__YOUR ASSIGNMENT__
Quote these lines exactly: the one that holds "Xilasedicilər Rəisinin qəzaya" and every line after it to the end of the material below. Skip pictures.

__DATASET EXTRACT__

Content starts

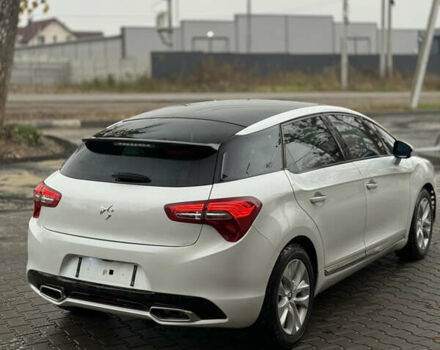 Белый Ситроен ДС5, объемом двигателя 1.6 л и пробегом 147 тыс. км за 11150 $, фото 14 на Automoto.ua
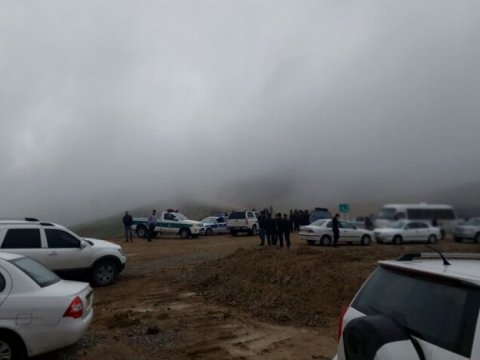 Xilasedicilər Rəisinin qəzaya düşdüyü yerə yaxınlaşır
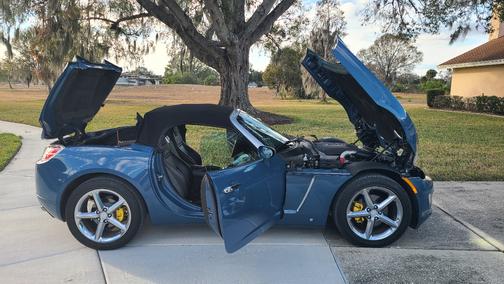 2008 Saturn Sky Red Line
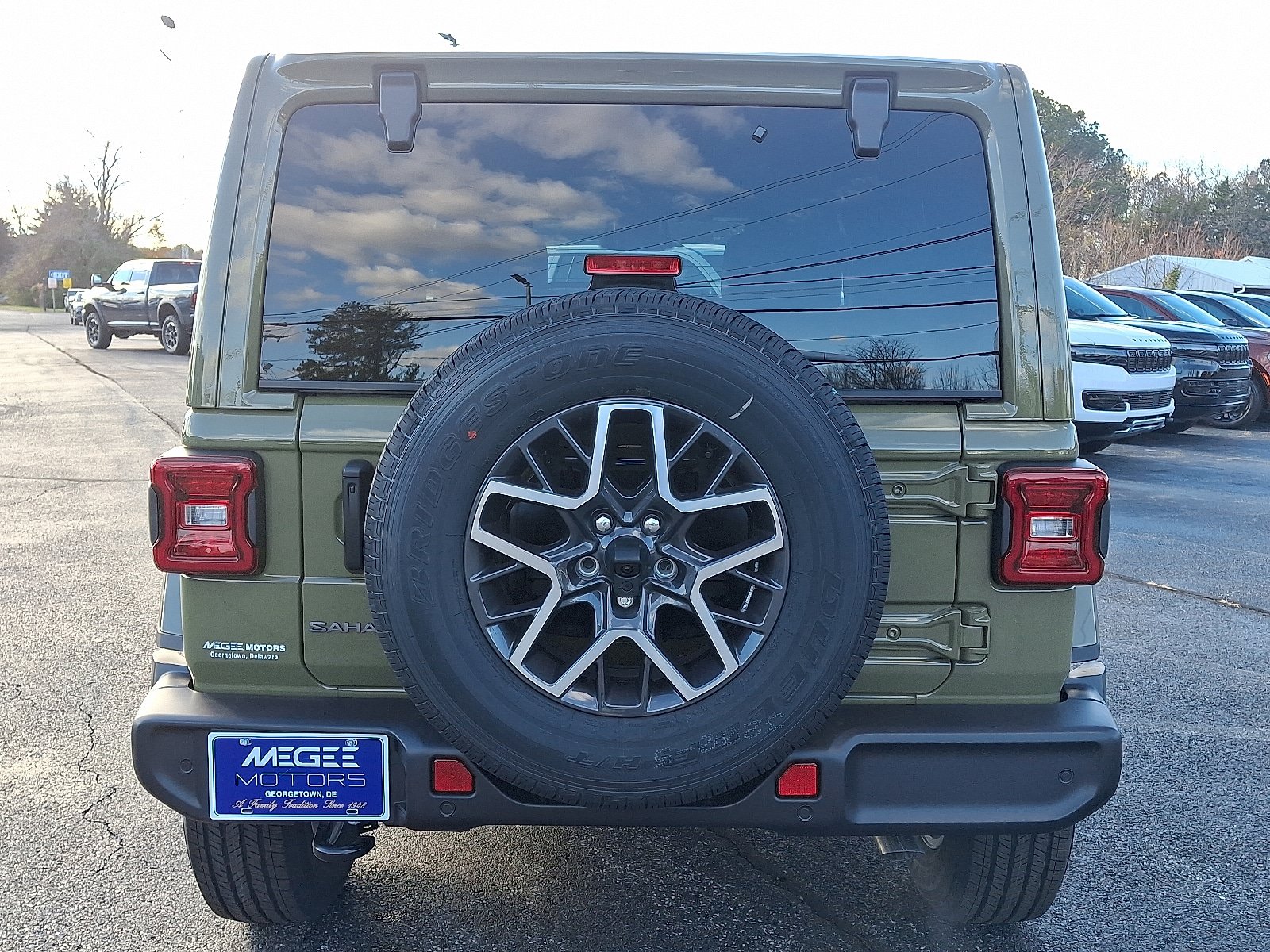 New 2026 Jeep Wrangler Unlimited Sahara AWD/4WD image 5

Content ends

__EXERCISE RESPONSE__
 Xilasedicilər Rəisinin qəzaya düşdüyü yerə yaxınlaşır
 2008 Saturn Sky Red Line
 New 2026 Jeep Wrangler Unlimited Sahara AWD/4WD image 5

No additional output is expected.